Usually several ports are called at, so that the normal transit time of a container is around 80 days. For the past two years, Covid has been messing up the timetables. According to the Alphaliner shipping database, container ships are currently on the road for an average of 101 days. This in turn means that the ships return to East Asia with a delay of at least three weeks and are then missing for the next trip to Europe.

The lockdown in Shanghai started at the end of March and was only supposed to last a few days. The restrictions have now been relaxed, but there is no sign of a return to normality. While the port of Shanghai has never stood still, transportation in and out of the port has been hit hard, the spokeswoman for the port of Rotterdam explained. And in other regions of China, too, many factories can only produce to a limited extent because staff and deliveries are blocked.

Economy without China unthinkable

For Chinese county, county, city and provincial officials, the top issue is keeping Covid out, says Merics analyst Gunter. “Many have enacted extreme restrictions to prevent entry or even transit through their jurisdictions.” Truck drivers confronted with the Covid bureaucracy often do not even start the fight for the large number of special permits required, but simply do not drive.

The Kiel Institute for the World Economy (IfW) did not find any decline in import volumes in Rotterdam or Hamburg up to last week. “The effect on the ports in the North Sea should also be limited in the coming weeks, since a traffic jam has also built up in the North Sea, a kind of buffer,” says economist Vincent Stamer.

But in mid-May, according to the IfW, the volume of freight in the Red Sea was almost a fifth lower than would have been expected in normal times.

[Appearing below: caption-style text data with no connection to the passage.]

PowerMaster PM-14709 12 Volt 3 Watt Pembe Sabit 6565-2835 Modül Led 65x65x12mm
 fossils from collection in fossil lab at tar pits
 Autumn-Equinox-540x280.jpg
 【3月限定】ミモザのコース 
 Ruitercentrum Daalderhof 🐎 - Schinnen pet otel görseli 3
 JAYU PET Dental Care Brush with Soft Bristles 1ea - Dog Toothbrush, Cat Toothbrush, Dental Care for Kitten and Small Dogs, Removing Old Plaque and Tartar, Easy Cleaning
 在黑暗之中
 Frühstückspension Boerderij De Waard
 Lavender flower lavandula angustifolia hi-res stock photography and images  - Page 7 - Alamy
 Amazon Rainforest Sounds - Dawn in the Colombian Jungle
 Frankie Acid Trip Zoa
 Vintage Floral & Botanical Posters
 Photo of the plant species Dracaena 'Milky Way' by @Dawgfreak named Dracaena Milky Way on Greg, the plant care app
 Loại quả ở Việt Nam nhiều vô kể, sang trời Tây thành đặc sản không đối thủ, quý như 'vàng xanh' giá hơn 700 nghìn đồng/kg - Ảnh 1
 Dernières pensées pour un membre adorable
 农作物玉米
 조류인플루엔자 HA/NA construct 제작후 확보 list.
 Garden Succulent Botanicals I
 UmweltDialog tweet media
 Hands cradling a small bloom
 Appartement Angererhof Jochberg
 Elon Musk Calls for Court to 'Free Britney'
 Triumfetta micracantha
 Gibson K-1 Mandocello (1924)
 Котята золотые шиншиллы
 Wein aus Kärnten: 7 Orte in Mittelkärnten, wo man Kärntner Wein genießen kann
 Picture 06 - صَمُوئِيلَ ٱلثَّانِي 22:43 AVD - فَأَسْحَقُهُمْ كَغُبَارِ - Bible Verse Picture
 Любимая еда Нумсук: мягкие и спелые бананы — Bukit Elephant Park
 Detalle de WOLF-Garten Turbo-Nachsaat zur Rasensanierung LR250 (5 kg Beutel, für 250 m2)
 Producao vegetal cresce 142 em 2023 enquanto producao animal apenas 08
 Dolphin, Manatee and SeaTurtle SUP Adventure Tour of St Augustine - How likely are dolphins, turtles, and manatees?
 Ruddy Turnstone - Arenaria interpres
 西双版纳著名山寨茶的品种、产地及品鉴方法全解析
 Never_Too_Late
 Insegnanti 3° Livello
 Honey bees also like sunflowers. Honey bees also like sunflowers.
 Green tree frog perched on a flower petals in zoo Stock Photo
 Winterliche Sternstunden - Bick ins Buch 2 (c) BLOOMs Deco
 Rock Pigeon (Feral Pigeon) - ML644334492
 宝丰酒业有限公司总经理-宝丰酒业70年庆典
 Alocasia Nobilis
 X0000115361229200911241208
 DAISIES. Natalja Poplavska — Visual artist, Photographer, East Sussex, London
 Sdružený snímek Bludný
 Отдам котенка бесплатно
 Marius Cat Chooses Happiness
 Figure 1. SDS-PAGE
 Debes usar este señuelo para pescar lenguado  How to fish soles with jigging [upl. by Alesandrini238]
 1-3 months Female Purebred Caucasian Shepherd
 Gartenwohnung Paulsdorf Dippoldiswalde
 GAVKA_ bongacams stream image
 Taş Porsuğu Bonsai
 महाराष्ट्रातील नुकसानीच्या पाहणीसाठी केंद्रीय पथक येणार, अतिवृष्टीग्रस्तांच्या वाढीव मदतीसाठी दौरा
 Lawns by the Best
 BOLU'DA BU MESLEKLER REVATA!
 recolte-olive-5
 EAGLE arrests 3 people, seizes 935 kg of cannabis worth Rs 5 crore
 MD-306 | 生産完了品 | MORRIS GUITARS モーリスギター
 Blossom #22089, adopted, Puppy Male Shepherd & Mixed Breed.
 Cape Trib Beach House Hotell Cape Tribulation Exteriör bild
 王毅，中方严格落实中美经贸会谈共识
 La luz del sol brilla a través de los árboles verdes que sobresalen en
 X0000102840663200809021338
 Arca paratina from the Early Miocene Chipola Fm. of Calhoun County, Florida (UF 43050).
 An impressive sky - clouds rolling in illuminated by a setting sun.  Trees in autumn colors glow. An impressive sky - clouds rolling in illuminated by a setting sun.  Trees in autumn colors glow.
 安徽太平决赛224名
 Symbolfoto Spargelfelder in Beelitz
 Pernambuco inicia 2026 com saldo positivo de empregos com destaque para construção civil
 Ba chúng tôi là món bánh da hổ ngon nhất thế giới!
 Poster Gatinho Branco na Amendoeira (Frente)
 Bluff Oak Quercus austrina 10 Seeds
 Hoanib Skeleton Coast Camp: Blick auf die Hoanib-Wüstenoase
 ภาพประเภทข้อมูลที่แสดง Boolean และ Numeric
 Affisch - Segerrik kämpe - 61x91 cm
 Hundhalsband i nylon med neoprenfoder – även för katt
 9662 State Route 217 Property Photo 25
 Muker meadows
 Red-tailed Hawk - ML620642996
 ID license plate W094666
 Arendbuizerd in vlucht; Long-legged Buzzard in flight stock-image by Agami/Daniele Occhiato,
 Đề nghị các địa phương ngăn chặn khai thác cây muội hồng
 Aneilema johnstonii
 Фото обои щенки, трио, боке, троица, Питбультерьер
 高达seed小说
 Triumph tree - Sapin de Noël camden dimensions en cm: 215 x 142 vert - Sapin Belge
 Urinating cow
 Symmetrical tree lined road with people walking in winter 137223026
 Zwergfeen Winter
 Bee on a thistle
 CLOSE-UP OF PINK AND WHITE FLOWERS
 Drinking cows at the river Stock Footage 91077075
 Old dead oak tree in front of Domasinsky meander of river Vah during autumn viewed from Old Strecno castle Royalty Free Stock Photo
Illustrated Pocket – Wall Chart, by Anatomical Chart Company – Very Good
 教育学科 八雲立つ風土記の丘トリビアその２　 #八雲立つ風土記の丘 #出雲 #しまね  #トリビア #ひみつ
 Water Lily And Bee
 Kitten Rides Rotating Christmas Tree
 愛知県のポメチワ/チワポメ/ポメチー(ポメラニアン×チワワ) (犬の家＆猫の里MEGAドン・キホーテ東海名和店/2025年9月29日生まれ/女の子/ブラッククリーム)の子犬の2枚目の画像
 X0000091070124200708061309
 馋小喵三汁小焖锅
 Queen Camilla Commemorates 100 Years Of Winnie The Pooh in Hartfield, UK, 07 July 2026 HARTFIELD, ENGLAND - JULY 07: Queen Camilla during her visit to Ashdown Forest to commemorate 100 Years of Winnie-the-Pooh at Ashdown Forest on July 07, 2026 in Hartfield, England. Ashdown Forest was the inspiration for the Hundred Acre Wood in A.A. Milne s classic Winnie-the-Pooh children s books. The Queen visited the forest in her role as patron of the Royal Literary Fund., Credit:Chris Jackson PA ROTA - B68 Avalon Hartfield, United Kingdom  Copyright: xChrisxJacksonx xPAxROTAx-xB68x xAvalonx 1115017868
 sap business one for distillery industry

Naturally, not all ships in the Red Sea head for Rotterdam or Hamburg. But this is an indication that deliveries are missing.

The dependency on China should have become clear to Germany by now at the latest. But to decouple from China? According to experts, this could be difficult. “In the case of strategic products or raw materials, it is important to reduce them with a sense of proportion,” said Jens Hildebrandt, executive board member of the AHK. At the same time, however, trade and investment also mutually secured the population’s prosperity and served to moderate conflicts. “The dependency between Germany and China is mutual.” In order to turn away from China, new supply chains would have to be set up elsewhere, which would take a long time. “In the meantime, price increases could be expected.”

Due to the close integration of German companies in Chinese supply chains, a decoupling would “have a negative impact on the entire German economy,” Hildebrandt warned. There was a foretaste because of the Covid restrictions and bottlenecks in the supply chains. The lack of primary and intermediate products slows down German companies not only in China but also in Germany.

Unlike with Russia, which mostly supplies energy, turning away from China would be much more difficult, said Jörg Wuttke, President of the EU Chamber of Commerce. “Russia is a three-product economy. That’s all, while we source tens of thousands of products from China and create an insane number of jobs in Germany,” Wuttke said. Although Europe delivers goods worth 600 million euros to China every day, China sends exports worth 1.3 billion euros to Europe every day. In this respect, China is “more than twice as dependent”.